* [Problem]:
An exact, complete copy of the entries is needed, with the pictures left out.

* [Stored items]:

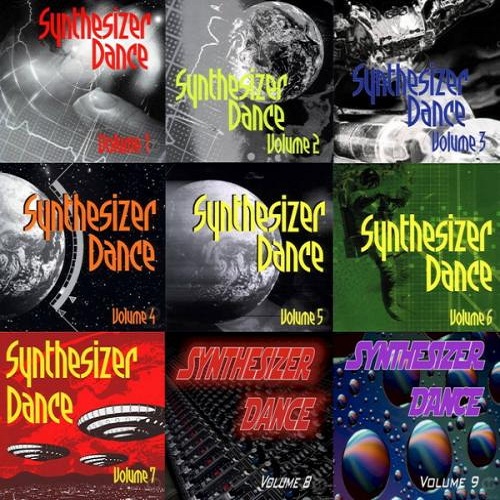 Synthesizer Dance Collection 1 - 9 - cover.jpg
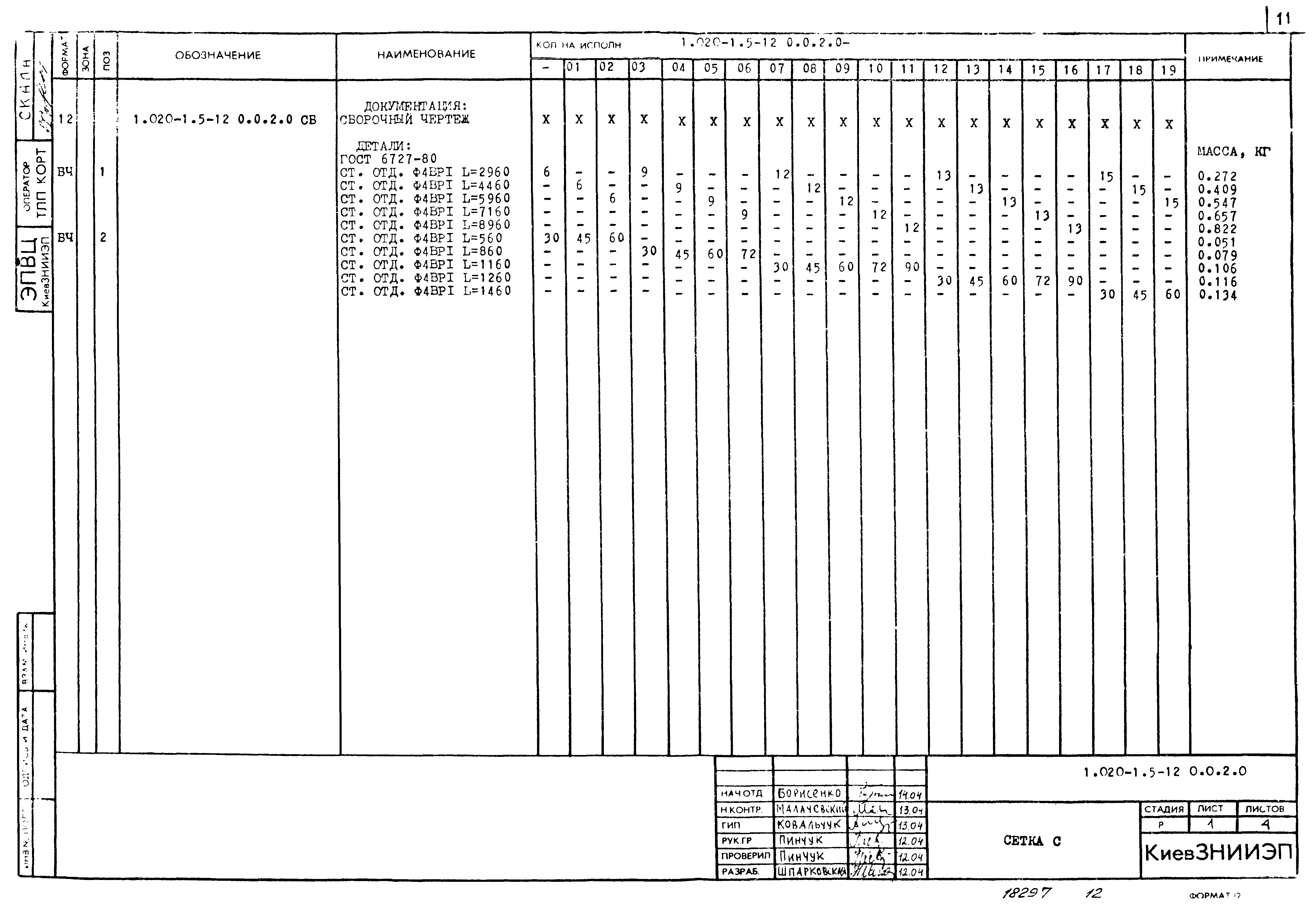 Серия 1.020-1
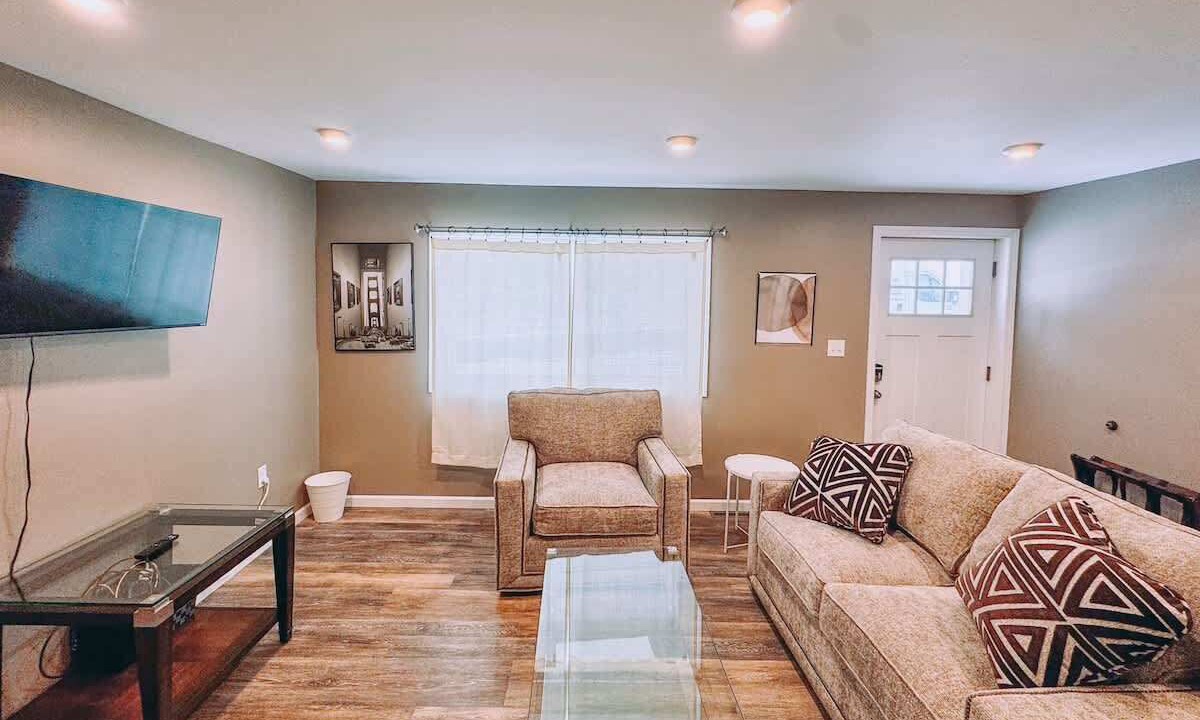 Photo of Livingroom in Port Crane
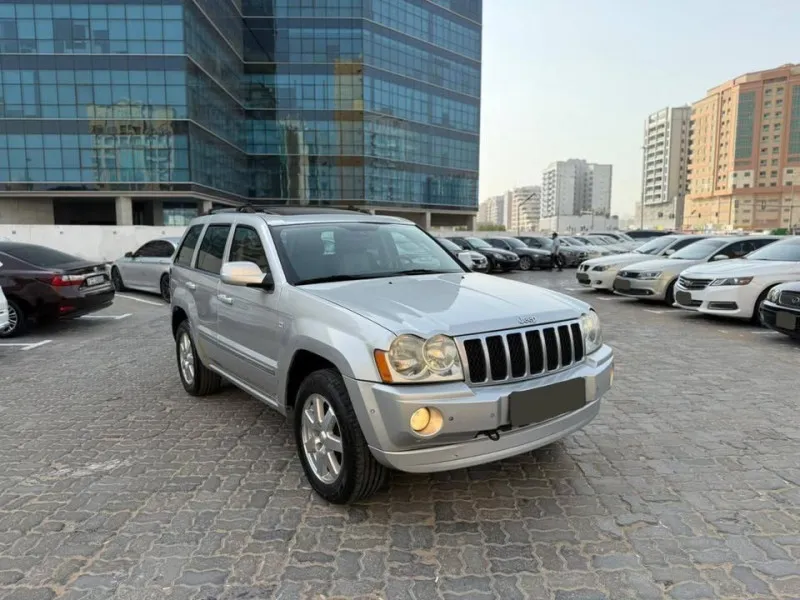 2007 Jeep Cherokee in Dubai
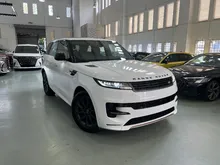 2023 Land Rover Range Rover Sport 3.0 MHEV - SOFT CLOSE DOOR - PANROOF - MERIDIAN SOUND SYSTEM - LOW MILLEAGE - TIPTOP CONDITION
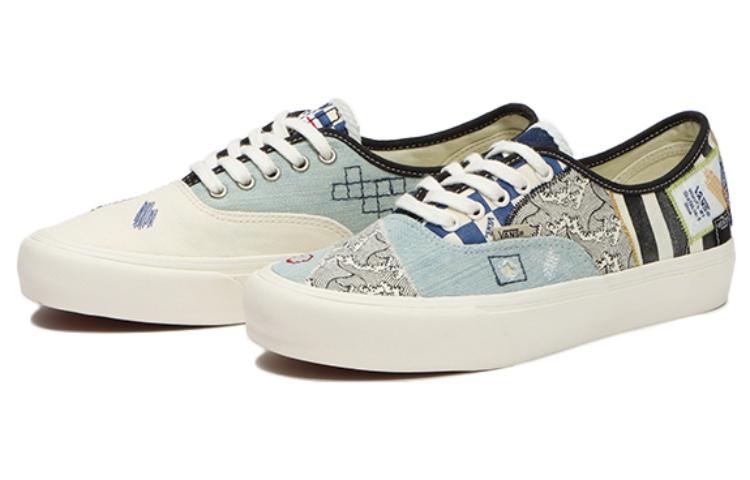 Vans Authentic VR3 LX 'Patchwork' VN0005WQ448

* [Written reply]:
 Synthesizer Dance Collection 1 - 9 - cover.jpg
 Серия 1.020-1
 Photo of Livingroom in Port Crane
 2007 Jeep Cherokee in Dubai
 2023 Land Rover Range Rover Sport 3.0 MHEV - SOFT CLOSE DOOR - PANROOF - MERIDIAN SOUND SYSTEM - LOW MILLEAGE - TIPTOP CONDITION
 Vans Authentic VR3 LX 'Patchwork' VN0005WQ448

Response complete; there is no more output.